Filmindustrie dreht durch?

von MichiK am 3. Mai 2005 um 18:38 Uhr

Jetzt wollen die Herrschaften schon “Raubkopierer” in Kinos mit Nachtsichtgeräten jagen (hier oder hier) und ist stolz darauf, möglichst viele potenzielle Kunden pöhse, pöhse “Raubkopierer” verknackt zu haben.

Ich frage mich, wie lange es dauert, bis die Branche aufwacht und merkt, dass es auf Dauer nicht praktikabel ist, die eigenen Kunden mit Fernsehwerbung, Printwerbung, Plakatwerbung, Kinospots, Texteinblendungen vor Kinofilmen, bezahlten von richtigdenkenden Autoren verfassten Artikeln/Beiträgen in Zeitungen, Zeitschriften und Fernsehen usw. zu kriminalisieren zu vergraulen darauf aufmerksam zu machen, dass viele einige viel zu viele, viel zu pöhse, pöhse Raubkopierer ihr Geschäft ruinieren.

Ich bin früher immer gerne ins Kino gegangen, habe aber das schon vor Jahren wieder aufgegeben und lasse mich da höchstens noch mehr oder weniger widerwillig hinzerren (dreimal in den letzten drei Jahren und eigentlich nie, weil ich den ach so tollen Film unbedingt sehen wollte und weils mir das Geld wert war).

Zuletzt war ich hier in einer Sneak Preview – das war mal ein Erlebnis, das sich gelohnt hat. Es gab keine “BUÄÄÄÄHH, die pöhsen pöhsen Raubkopierer klauen uns unsere Filme!!!!!1!!111″-Spots am Anfang des Films, sondern stattdessen allgemein gute Laune und mit 4 € war es sogar die billigste Veranstaltung, die es in dem Kino überhaupt gibt (naja, früherTM hat Kino vielleicht 2 oder 3 DM gekostet, aber wollen wir mal nicht so sein) – und war billiger, als die Getränke vorher in der Kneipe… ;)
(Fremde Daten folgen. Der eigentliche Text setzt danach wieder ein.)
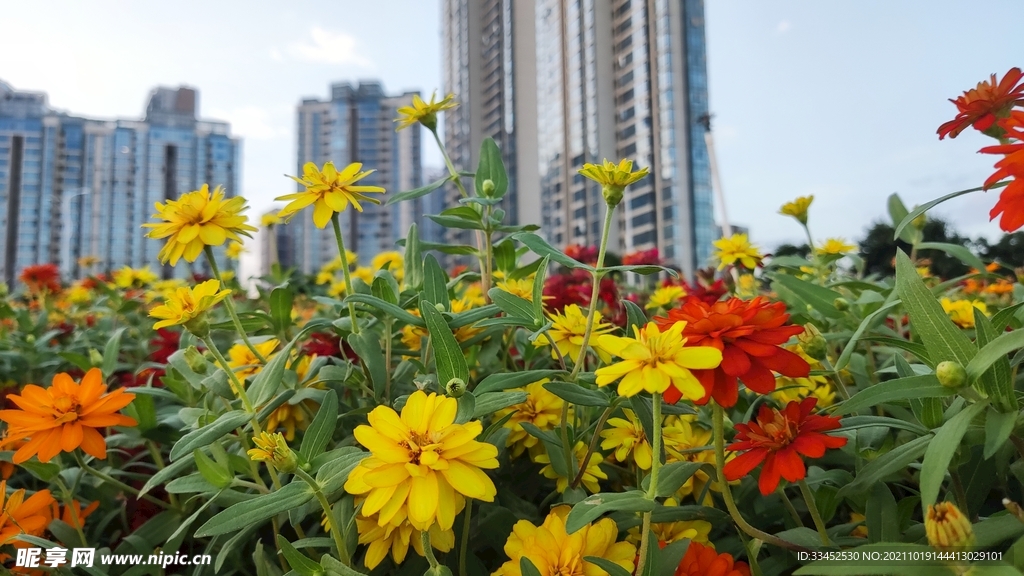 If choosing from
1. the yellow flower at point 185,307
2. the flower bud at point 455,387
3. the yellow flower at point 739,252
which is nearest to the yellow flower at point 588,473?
the flower bud at point 455,387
Vielleicht sollte man auch mal an der Qualität der eigenen Produktionen arbeiten. Da wird Geld im dreistelligen Millionen-$-Bereich verpulvert und am Ende beschwert man sich, weil nicht genug Leute den drittklassigen Sequel eines höchstens mittelmäßigen *gähn*-Films gesehen haben – äääähh ich meine: weil viel zu viele pöhse, pöhse “Raubkopierer” den Film geklaut haben und man somit kein Geld verdienen konnte!!!1!1!11 (Ja, wie soll man auch Geld mit Filmen verdienen, die man nicht besitzt, weil sie einem unter Einsatz von Gewalt entwendet wurden – eben geraubt.)

Vielleicht sollten sich gewisse Personen (die Verantworlichen…) mal Gedanken darüber machen, warum eigentlich unerlaubte Kopien angefertigt werden, anstatt einfach Hetze gegen “Raubkopierer” zu veranstalten, die angeblich für alles Übel dieser Welt verantwortlich sind. Denn jeder verurteilte “Raubkopierer” ist auch ein potenzieller Kunde weniger – und vergrault möglicherweise auch weitere Kunden, so wie mich…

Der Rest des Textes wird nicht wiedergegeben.